Fox is popular, but his party may not benefit
| MEXICO CITY
Polls show President Vicente Fox is more popular than ever with the Mexican people. But that doesn't seem to be helping his party in the run-up to next month's midterm elections.
President Fox's National Action Party (PAN) is just neck and neck with the opposition he helped to defeat in the 2000 elections, despite the fact that he enjoys a 64 percent approval rating.
That statistic highlights a yawning gap between what analysts describe as Fox's personal popularity and his ability to get things done politically. Few, if any, of his major legislative initiatives have made it out of Congress.
"On the one hand, many people think he is a likable president, that he is a good person," says Soledad Loaeza, a political analyst at the College of Mexico. "But they don't think he is a good president. And this is a very important issue."
The Institutional Revolutionary Party, or PRI, which Fox knocked out of power after 71 years in office, is expected to win 38 percent of the vote in the crucial July 6 congressional elections, the same percentage as Fox's PAN party, according to polls.
Some predict that the PRI, which has the most seats in the two houses of Congress, will edge forward in the Senate, and hold its ground in the House of Representatives. Others think smaller movements, like the Green Party or the Worker's Party, will advance at the cost of larger parties, showing Mexicans' general frustration with the political establishment.
In another election setback, Fox was pressured Monday to suspend a series of TV and radio ads touting his government's achievements after the federal elections watchdog agency suggested they would give his party an unfair campaign advantage.
Most analysts here also agree that Fox isn't the only problem. Seven decades of single party rule have left this country's major political players with little skill in multiparty dealings.
Fox himself appears to be hoping he'll win the popularity battle - or at least be remembered as the president who brought Mexico a new era of multiparty democracy. "We are not working for applause in the short term," he said at a recent public event. "In this government we work to construct a better future for all Mexicans."
When the 6 ft., 6 in. president rode into office in December 2000, he did so on a platform of tall promises, which he has largely failed to deliver. The opposition-controlled Congress has blocked many of his most urgent reform plans - revamping the tax system and making peace with Mexico's Zapatista rebels, to name a couple - often with the help of senior legislators from Fox's own PAN. Today, Fox appears to be a president without the backing of a party.
Instead of stepping up his efforts to play politics and make deals, Fox has publicly blamed the Congress for stopping progress. "When he says the Congress doesn't let me govern, the people realize he has no power," says Ms. Loaeza. "He is admitting himself he cannot govern."
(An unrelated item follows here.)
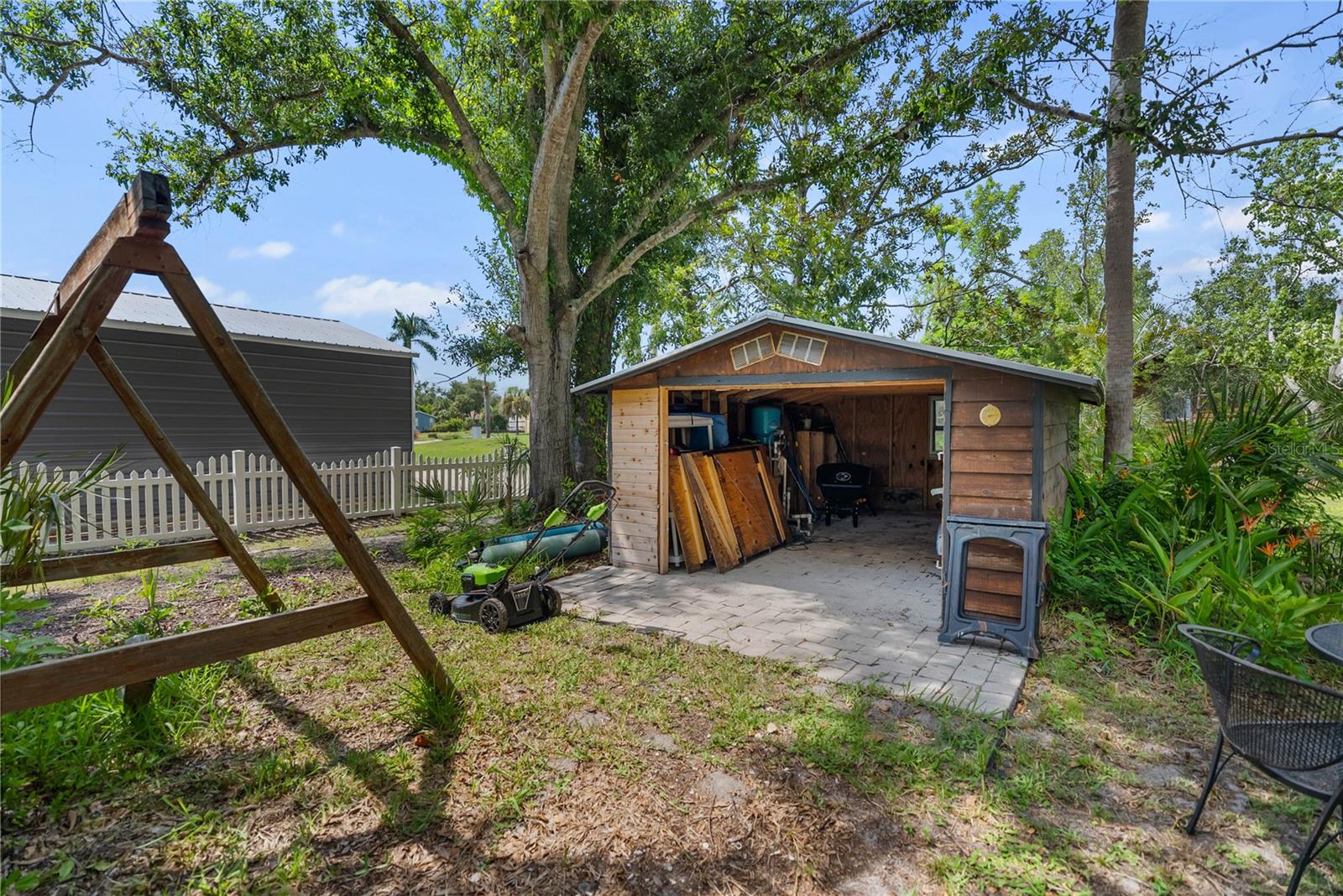 LAUREL VILLA - Residential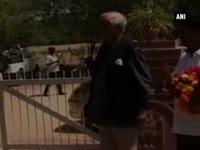 former-pm-manmohan-singh-visits-jaswant-singh-at-army-rr-hospital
Many political observers here also lament the perception that Fox won the battle for president but appears to be losing the presidency. He is seen as bowing to public opinion at the cost of his own policy initiatives, or blaming others for his failures.
This approach may have caused Fox to misstep on a key issue for his presidency: an immigration accord with the US. In the lead up to the war in Iraq, he repeatedly played to public opinion, stressing his intent to vote against a war resolution in the UN Security Council. That won him kudos at home, but damaged his once warm relations with President George Bush.
Fox continues to complain that the US is stymieing his efforts: to make it safer for Mexicans to work in the US, for example, or sort out water shortages on the border.
And he recently launched a quixotic battle with Brazilian President Luiz Inacio Lula da Silva to fight the billions of dollars in subsidies that the US government gives annually to its farmers. No one predicts Washington will end farm subsidies soon, and many fear the Mexican president, whom Bush once called "amigo," will only further alienate his allies in Washington.
Some experts say Fox may be playing the best poker he can with the bad hand dealt him. He's hardly going to bring about the economic miracle he promised amid a slump in world markets, and has little chance of getting the US to open its border since the 9-11 terrorist attacks.
But playing the anti-gringo card has helped him at home. "He found his ratings went up in messy times when he stood up to Washington," says Federico Estévez, a professor of international relations at the Autonomous Technological Institute of Mexico. "He is not US-bashing, but he is out there pressing his case, and so far it has worked, at least for domestic public opinion."
Poll-watchers say Mexicans will probably have to be satisfied with long-term hopes for improvement, since the July midterms don't look as if they're going to alter the deadlock in Congress.